Ruth Kelly, the Communities Secretary, herself a staunch Catholic, had been reported over the weekend to be considering granting the Church an opt-out clause with the apparent support of the Prime Minister.
However, several members of the Cabinet have already come out against the move, prompting rumours of a split.
On Tuesday, the Church of England, or at least its two highest ranking prelates, Rowan Williams, Archbishop of Canterbury and John Sentamu, Archbishop of York, wrote an open letter to the Prime Minister in support of Murphy-O’Connor’s threat.
It seems to me there are several flaws in the reasoning behind these demands for opt-outs and the claims that the new regulations are not compatible with the religious agencies’ activities.
First, the law clearly and simply says that gay people can adopt; and churches, however much they would like it to be the case, are in no position to decide that a law should be ignored, even if they think it wrong.

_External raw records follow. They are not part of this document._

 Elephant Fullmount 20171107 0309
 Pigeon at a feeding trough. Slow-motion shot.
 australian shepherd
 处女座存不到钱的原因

Second, there is a shortage of foster parents in this country. I would think that the more loving and caring couples can be found to raise those children (whether gay or straight), the better.
Third, as Williams and Sentamu are so keen to remind us in their letter, these adoption agencies are providing a public service.

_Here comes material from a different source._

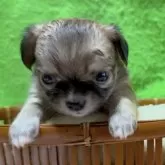 チワワ(ロング)【山口県・女の子・2025年10月27日・セーブル&ホワイト】の写真5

They receive funding from the state (taxpayers’ money; some of which is coming from LGBT people and families) to perform those services, thus effectively becoming state agencies.
They therefore have an obligation to provide their services to everyone without discrimination whatsoever as any public body would in a democratic society.

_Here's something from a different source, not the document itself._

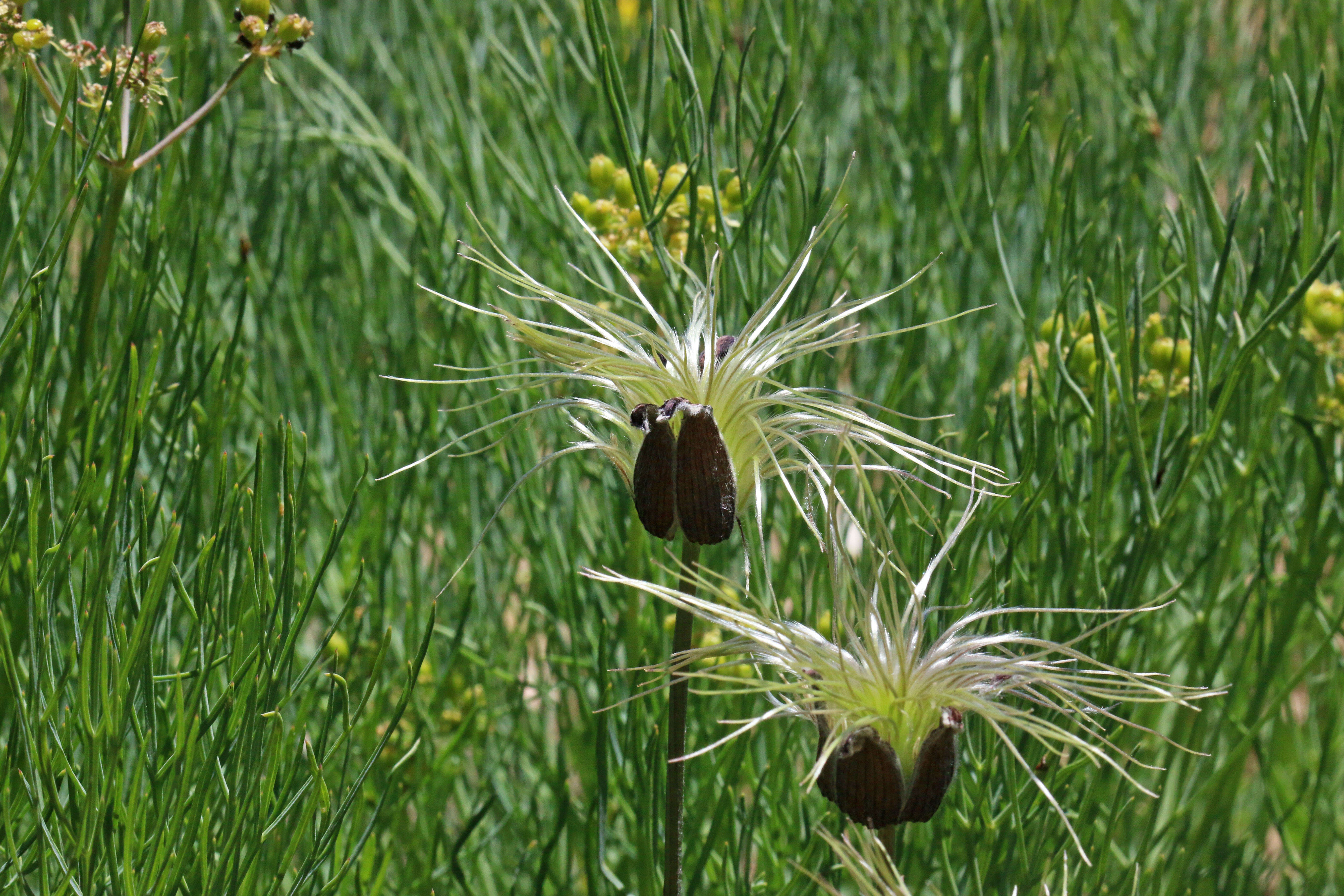 Image of hairy clematis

The fact that they resist dispatching some of their duties so vehemently should perhaps even be seen by the supervising authorities as a signal that there may be other areas in which discrimination is taking place. If they can do it so easily and forcefully against one group, why not against others?
What is certain is that the Churches are shooting themselves in the foot in this instance. This whole business is not going to improve their already tarnished image.
My advice to the Catholic Church and the C. of E. is to get off their moral high-ground and think a little more about their duty towards the children they pretend to be wanting to help, or indeed simply give up.
If those agencies are not ready to welcome and serve everyone, then perhaps we should not expect them to provide any service at all.
Let them stop and pass on their rather small burden (The Catholic Church’s agencies are said to handle 4% of all adoptions; about 200 a year) to the many non-moralising organisations out there, ready to do the job properly.
At the end of the day, however, it seems that this may not simply be about helping children or even religious conscience and homophobia.
After all, Churches have made all sorts of compromises and adjustments to their doctrines along the centuries.
The much-quoted Book of Leviticus, where the Bible’s strongest and almost only condemnation of homosexuality is to be found, provides ample evidence of this.
Could it be that religious leaders are simply scared to loose their power and influence?
That they simply can not accept the fact that after about 2000 years of moulding society and ruling people’s lives in all impunity, other views on life have come to the fore and asserted themselves as valid and legitimate alternatives to their own philosophy?
The world is moving on but these people are apparently quite content to uphold and follow verbatim an often contradictory book written thousands of years ago for different people, mores and times.
Others, and that includes the vast majority of Christians, are thankfully living with their own time.